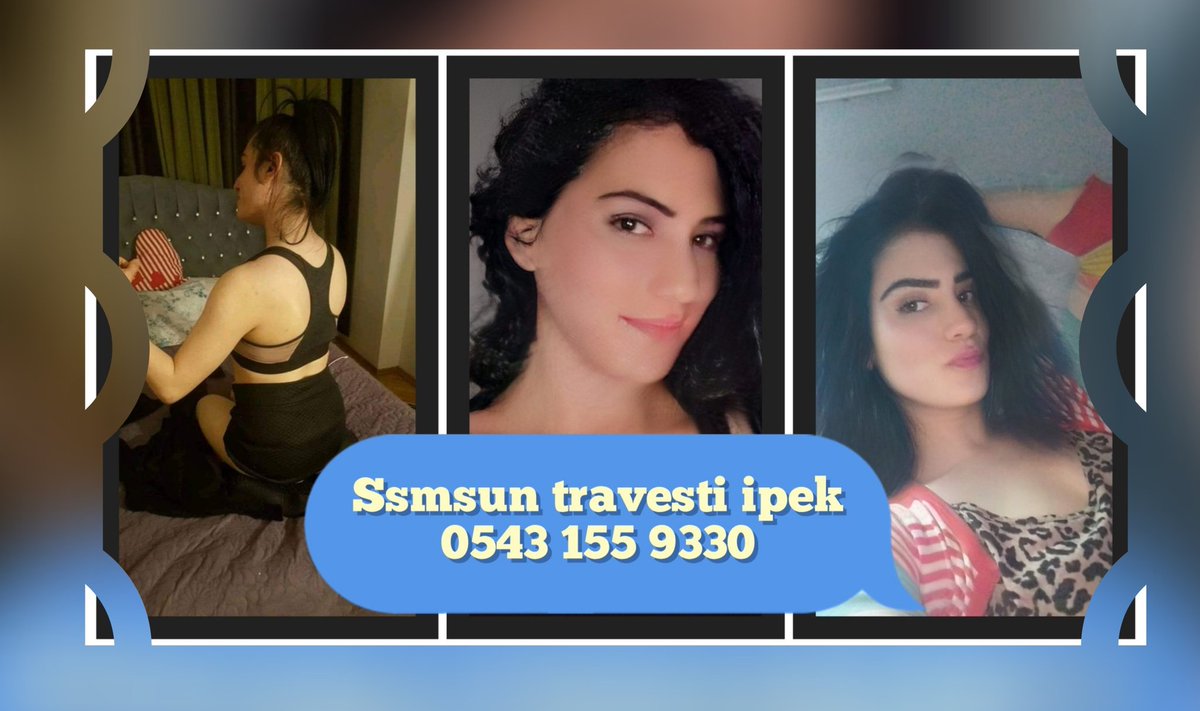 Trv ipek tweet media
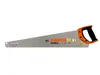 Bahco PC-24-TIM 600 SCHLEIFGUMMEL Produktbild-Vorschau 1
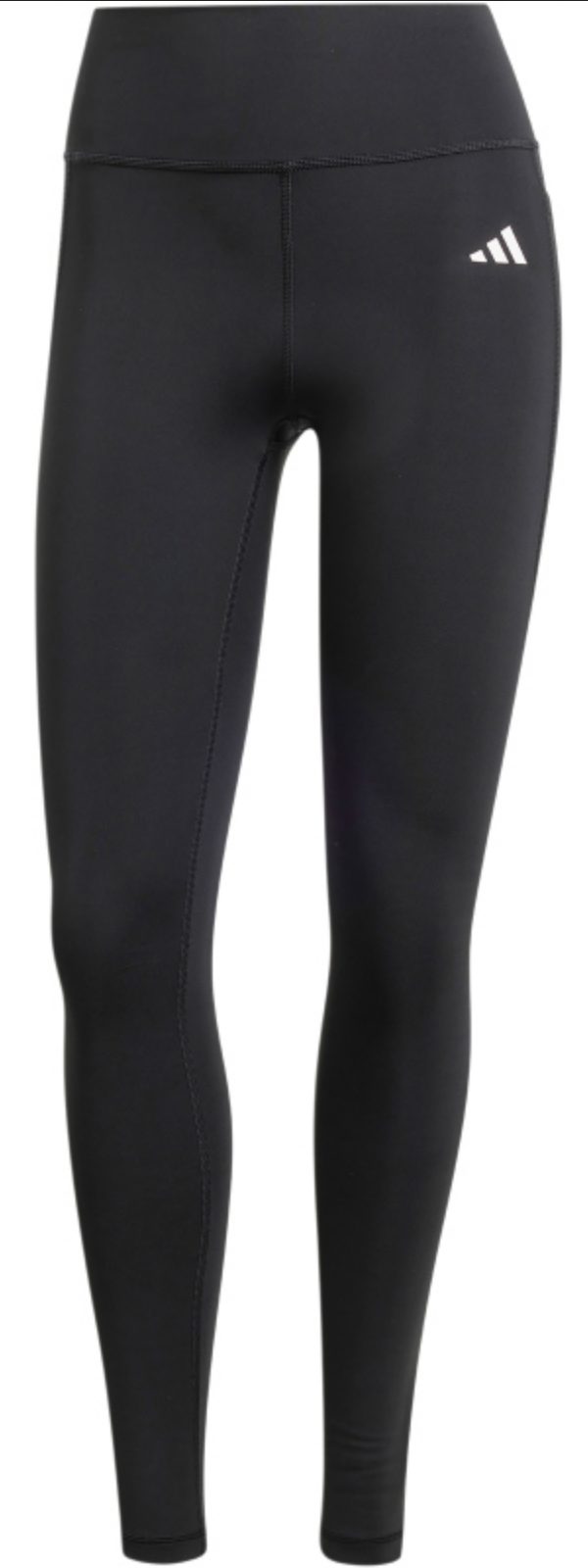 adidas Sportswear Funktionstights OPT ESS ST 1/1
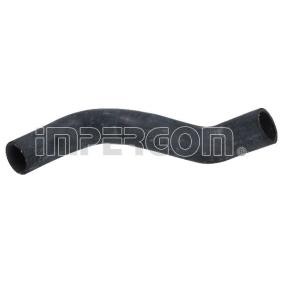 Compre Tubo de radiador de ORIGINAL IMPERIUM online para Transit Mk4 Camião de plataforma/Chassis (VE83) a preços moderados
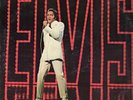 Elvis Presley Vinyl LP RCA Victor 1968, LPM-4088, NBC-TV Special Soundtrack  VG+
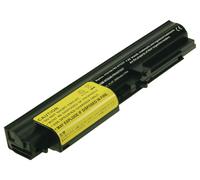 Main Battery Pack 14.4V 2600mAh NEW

++++++++++

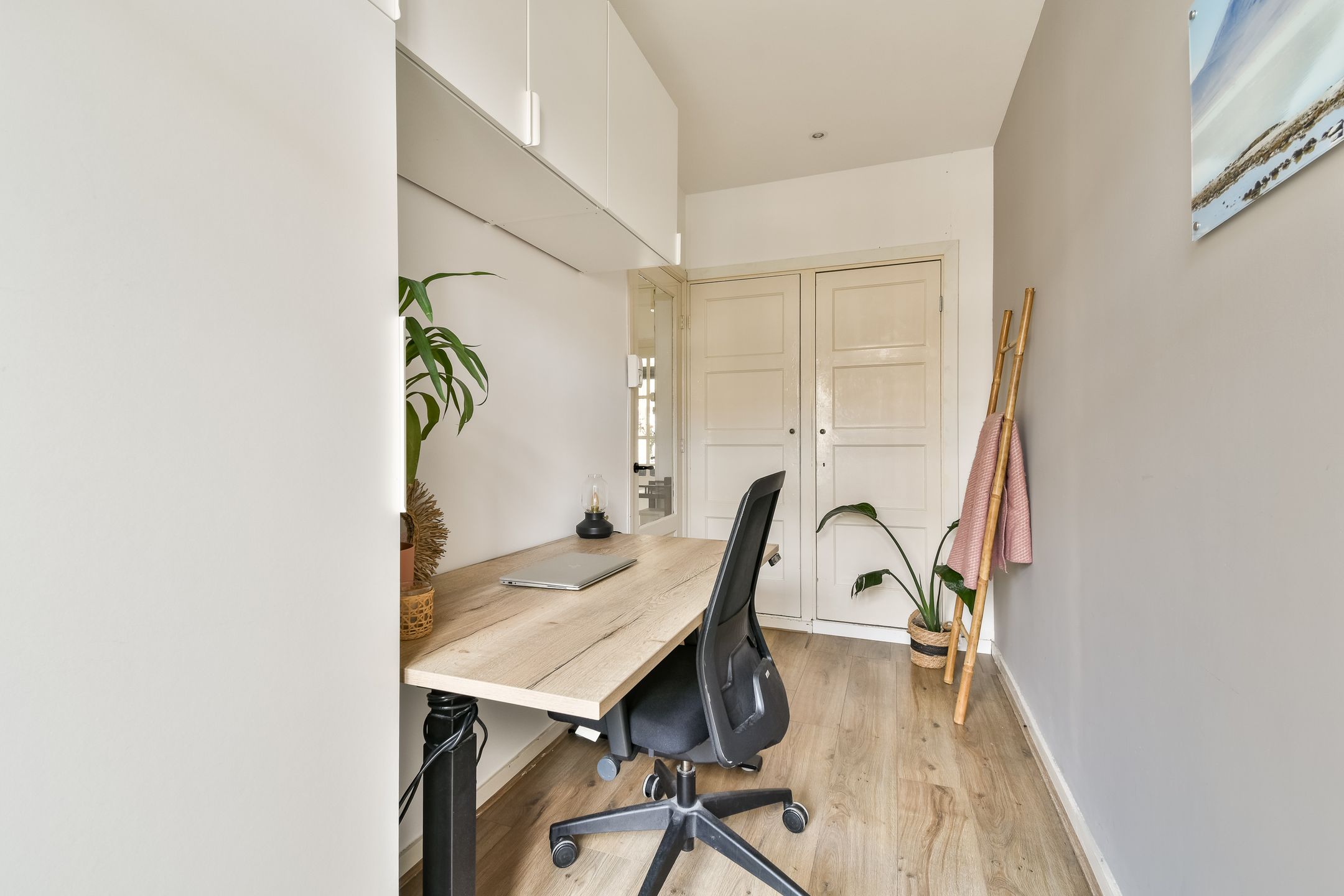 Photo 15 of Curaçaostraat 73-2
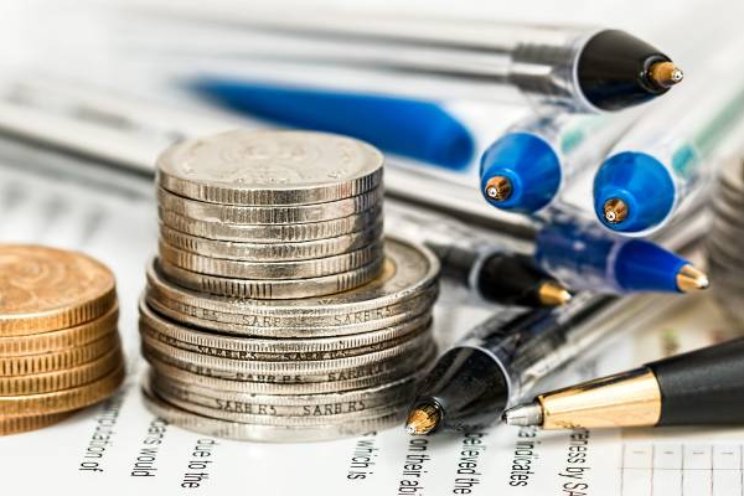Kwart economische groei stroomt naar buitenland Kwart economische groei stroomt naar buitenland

++++++++++

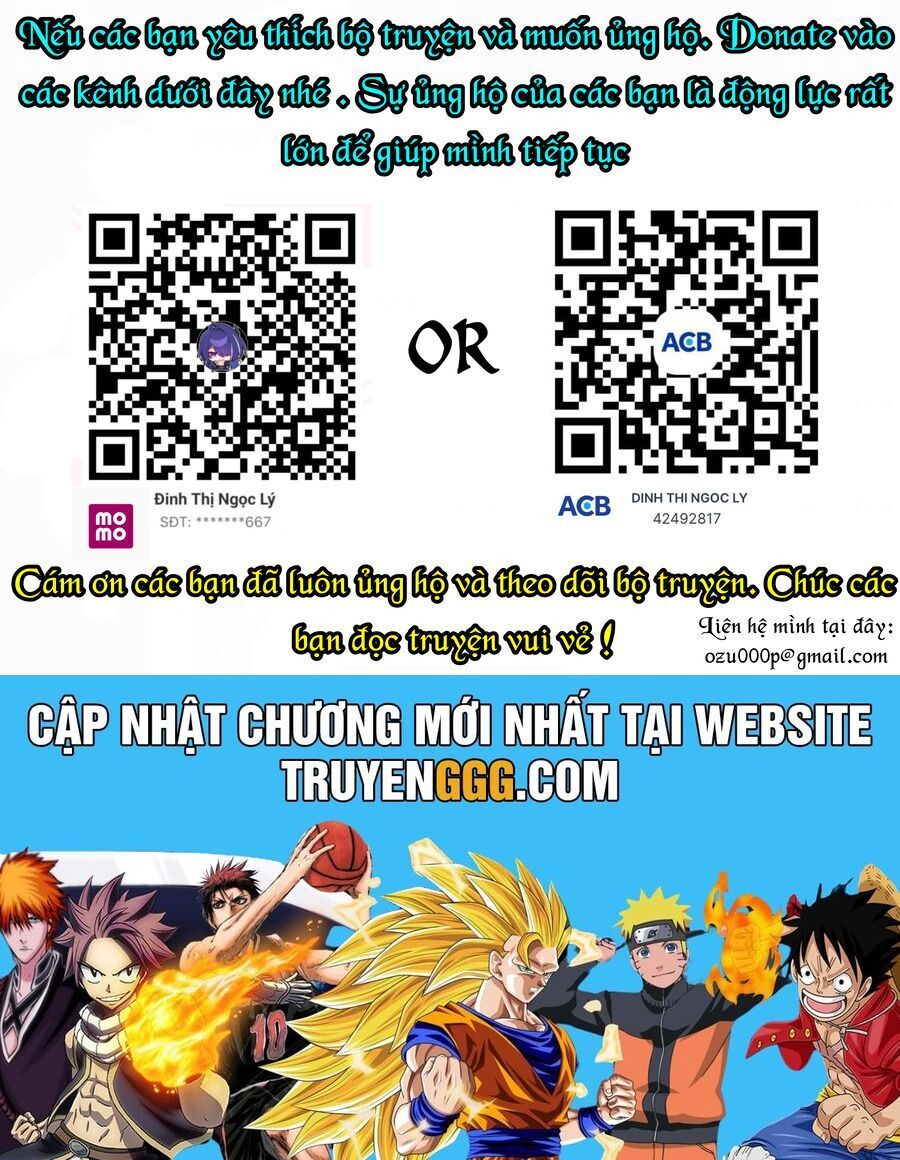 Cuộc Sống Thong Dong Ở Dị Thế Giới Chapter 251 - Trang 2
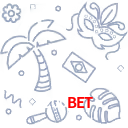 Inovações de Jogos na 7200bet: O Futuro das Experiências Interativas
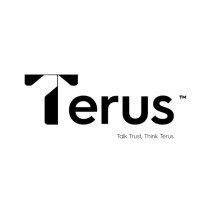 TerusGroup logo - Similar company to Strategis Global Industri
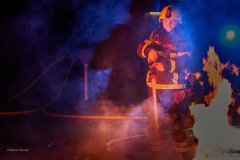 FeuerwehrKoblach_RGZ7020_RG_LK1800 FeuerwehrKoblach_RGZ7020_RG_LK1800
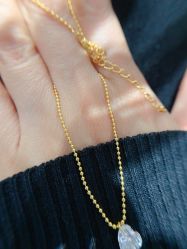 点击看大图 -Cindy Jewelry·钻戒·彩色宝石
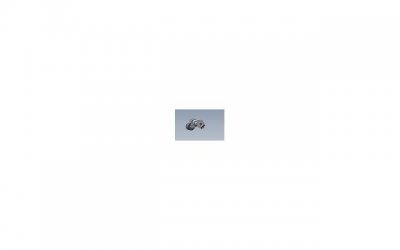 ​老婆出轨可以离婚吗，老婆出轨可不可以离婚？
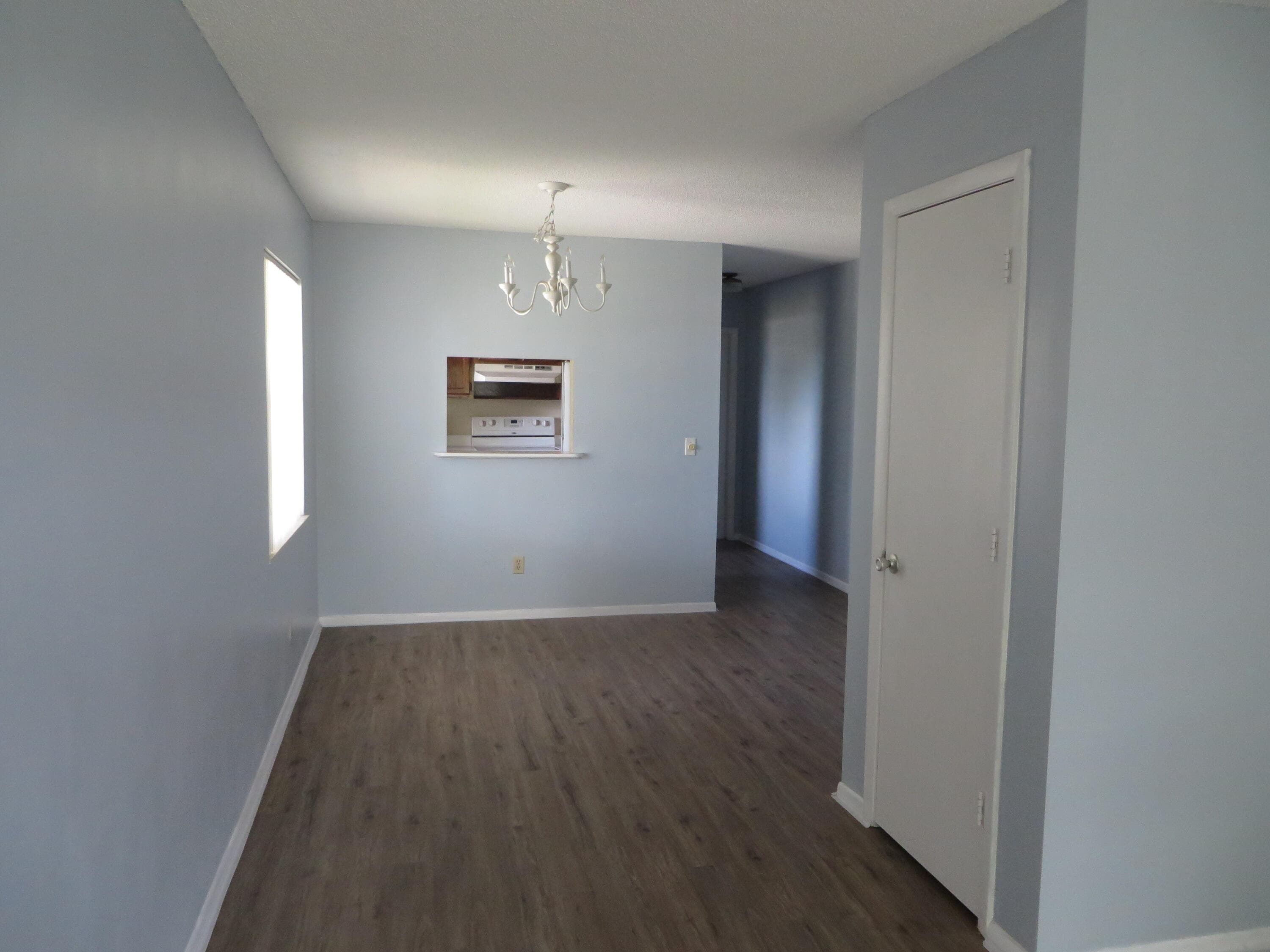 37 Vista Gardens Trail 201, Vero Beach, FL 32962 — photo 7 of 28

++++++++++

Using the records above, print exactly the lines between the ones containing "Trv ipek tweet media" and "Main Battery Pack 14.4V 2600mAh NEW", inclusive, and nothing else; no pictures.

 Trv ipek tweet media
 Bahco PC-24-TIM 600 SCHLEIFGUMMEL Produktbild-Vorschau 1
 adidas Sportswear Funktionstights OPT ESS ST 1/1
 Compre Tubo de radiador de ORIGINAL IMPERIUM online para Transit Mk4 Camião de plataforma/Chassis (VE83) a preços moderados
 Elvis Presley Vinyl LP RCA Victor 1968, LPM-4088, NBC-TV Special Soundtrack  VG+
 Main Battery Pack 14.4V 2600mAh NEW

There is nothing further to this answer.